Getting the first non None value from list

Question

Given a list, is there a way to get the first non-None value? And, if so, what would be the pythonic way to do so?

For example, I have:

• a = objA.addr

Answer 1

I think this is the simplest way when dealing with a small set of values (will work in a list comprehension as well):

firstVal = a or b or c or d

Will always return the first non "False" value which works in some cases (given you dont expect any values which could evaluate to false as @GrannyAching points out below)

Answer 2

You can use next():

>>> a = [None, None, None, 1, 2, 3, 4, 5]
>>> next(item for item in a if item is not None)
1

If the list contains only Nones, it will throw StopIteration exception.
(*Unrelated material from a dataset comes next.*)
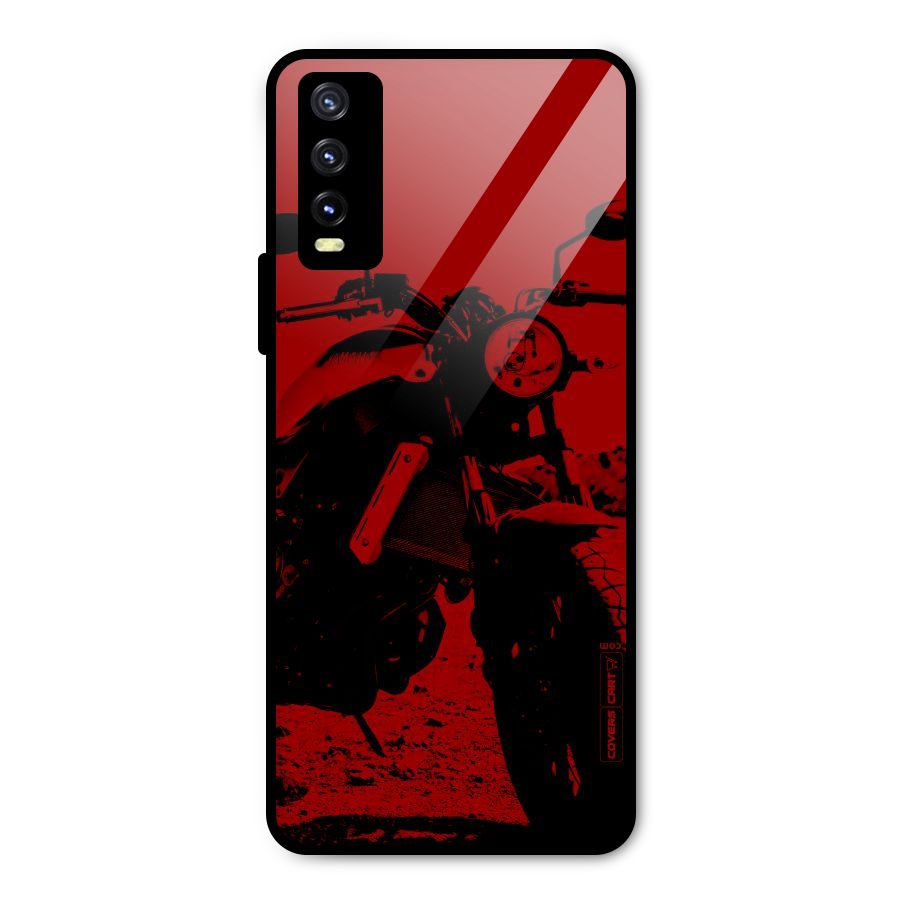 Stylish Ride Red Metal Back Case for Vivo Y20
If you want to have a default value in this case, do this:

>>> a = [None, None, None]
>>> next((item for item in a if item is not None), 'All are Nones')
All are Nones

Answer 3

first_true is an itertools recipe found in the Python 3 docs:

def first_true(iterable, default=False, pred=None):
    """Returns the first true value in the iterable.

    If no true value is found, returns *default*

    If *pred* is not None, returns the first item
    for which pred(item) is true.

    """
    # first_true([a,b,c], x) --> a or b or c or x
    # first_true([a,b], x, f) --> a if f(a) else b if f(b) else x
    return next(filter(pred, iterable), default)

One may choose to implement the latter recipe or import more_itertools, a library that ships with itertools recipes and more:

> pip install more_itertools

Use:

import more_itertools as mit

a = [None, None, None, 1, 2, 3, 4, 5]
mit.first_true(a, pred=lambda x: x is not None)
# 1

a = [None, None, None]
mit.first_true(a, default="All are None", pred=lambda x: x is not None)
# 'All are None'

---

Why use the predicate?

"First non-None" item is not the same as "first True" item, e.g. [None, None, 0] where 0 is the first non-None, but it is not the first True item. The predicate allows first_true to be useable, ensuring any first seen, non-None, falsey item in the iterable is still returned (e.g. 0, False) instead of the default.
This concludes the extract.